This is what all Amsterdammers do

Friends without children sometimes complain about the fact that everyone pours an evangelistic shower over them when it comes to children. There follows a plea for having children and an indictment about the fact that they do not have them or, even worse, do not want to. And then we have to, against their plan, tell what they do not like about having children and what they do like about not having children, and suddenly an awkward situation arises.

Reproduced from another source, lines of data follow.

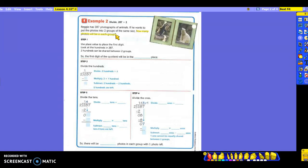Using the numbers in the division problem, you would see it is 287 photographs of the animals, and they want to put them in two groups. So again, we're going to use place value to place the first digit. We're going to look at the hundreds in 287. Two hundreds can be shared between two groups this time, right? So I know then that my first digit of my quotient will be placed in the hundreds place.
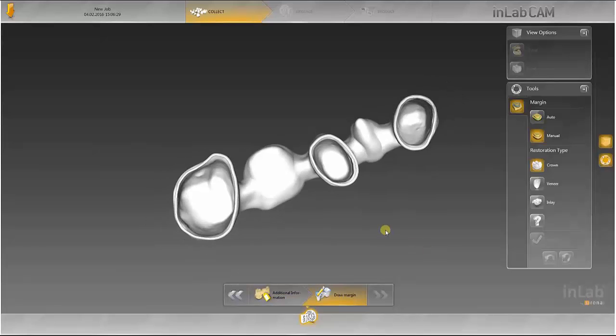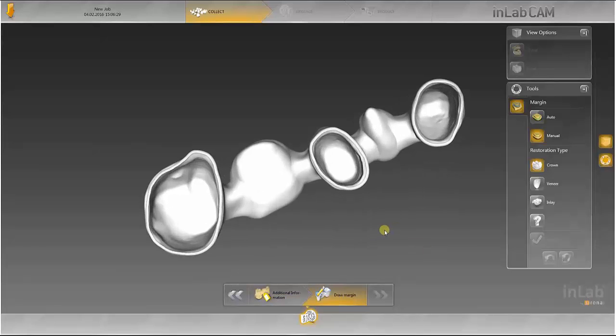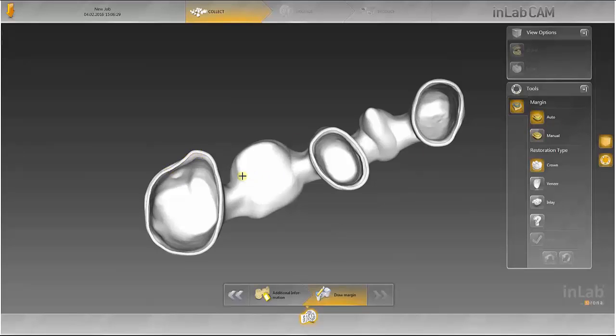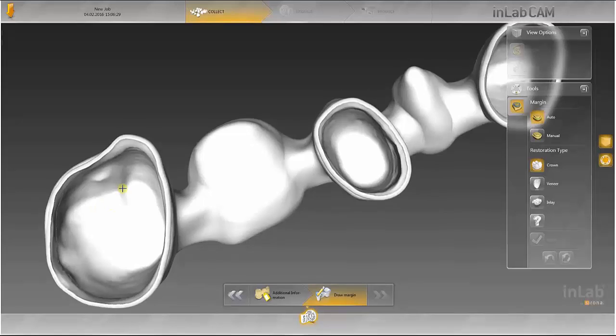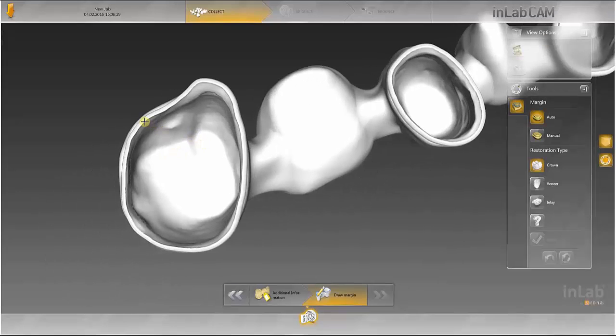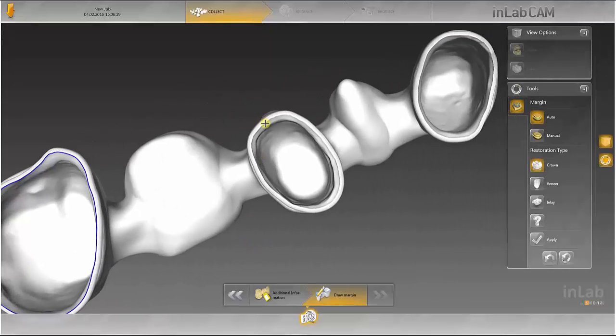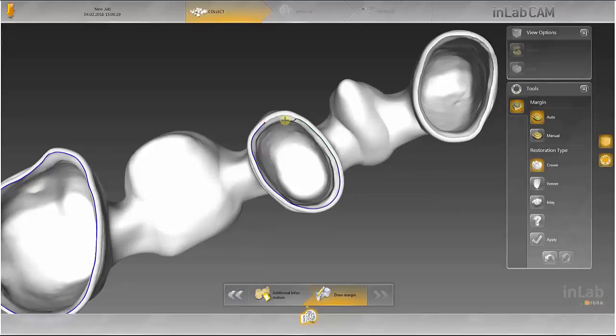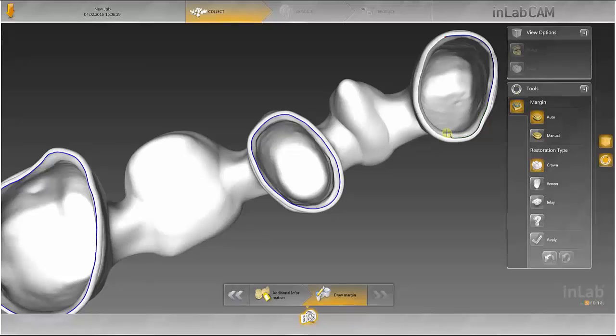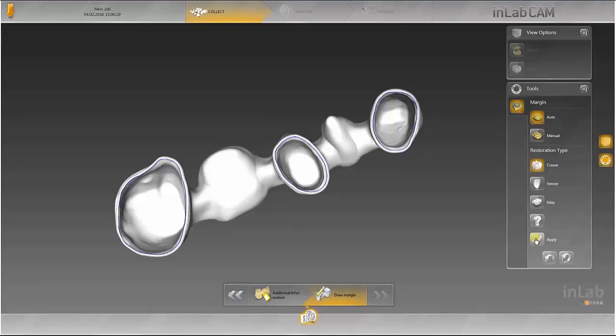Once again, crown is selected as the restoration type and the lines are marked. The bridge is added to the designs by pressing Apply and then the next arrow.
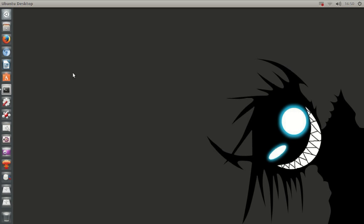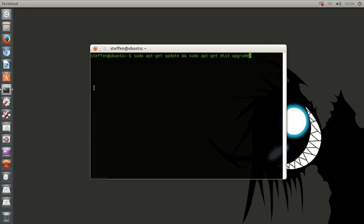Anyway, so the way you install this is if you open up your terminal and then type in sudo apt-get update and sudo apt-get dist upgrade.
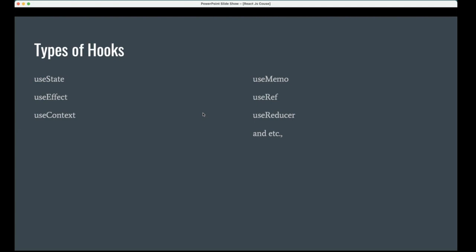useContext means it has the context of the entire application. It's not a part of a project, it is the power, it is a project. We can access anywhere across the application, but we need to define somewhere and we need to send to the parent, but you can access across the application.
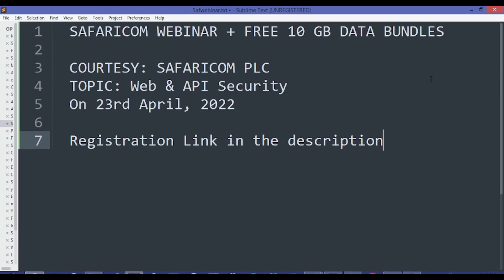Welcome once more, this is TechSophie. In this video, it's a very short clip where I wanted to alert you that Safaricom is having a webinar this coming Saturday. As you know, Safaricom usually holds webinars monthly.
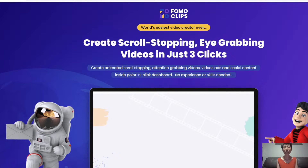Hi, I'm Moon and welcome to my channel. Today I'm going to review Formoclips, where you can create scroll-stopping, eye-grabbing videos in just three clicks.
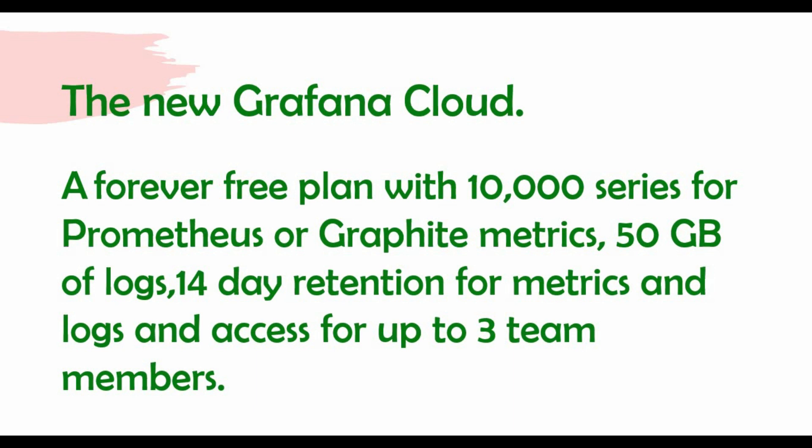You have two options: one is a free Grafana Cloud version, another one is a paid version. If you go for a free version, you have features like 10,000 series for Prometheus and Graphite metrics, 50 GB of logs, 14 days of retention of your metrics and logs, and access for up to three team members.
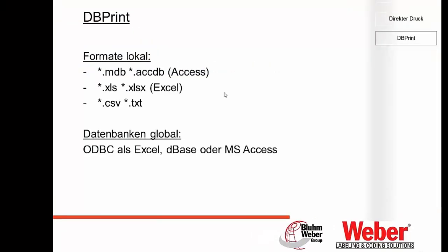Here you can see the file formats we can use for our database, which are Excel, Access, ODBC, and the others like you see here.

I do have children so this doesn't happen to me, but I don't live in Amsterdam. And all my Amsterdam friends find that very strange. Well, they understand it quite well (because houses in Haarlem are simply cheaper and more spacious), but they refuse to believe that I actually find Haarlem (I almost dare not say it now because it looks so black on white) more enjoyable. So when I talk about moving, they think it means moving to Amsterdam. Come here, come here. And I get it: Amsterdam is amazing. How wonderful is it when you pick up your baguette at Le Fournil and your cheese at L’Amuse and cycle past the Conservatorium Hotel on your way to your child's ballet class. You live in the heart of the country. But there is more than Amsterdam. In Haarlem, I cycle to the beach, I see the sea at least four times a week and have four forests and dunes to choose from to walk with the dog. You can make the most beautiful bike rides here (not that I do that, but it can be done, it can) and if you lose your keys in the park in Haarlem, someone brings them to the town hall and hangs them on a bulletin board. Try doing that in the capital.
So I always feel a bit uncomfortable with the come-back-to-Amsterdam comment. It is a compliment because they would like it if we moved back to the area, but at the same time, I feel like a defector who has found a greater love. And maybe a bit provincial too, but I couldn't care less.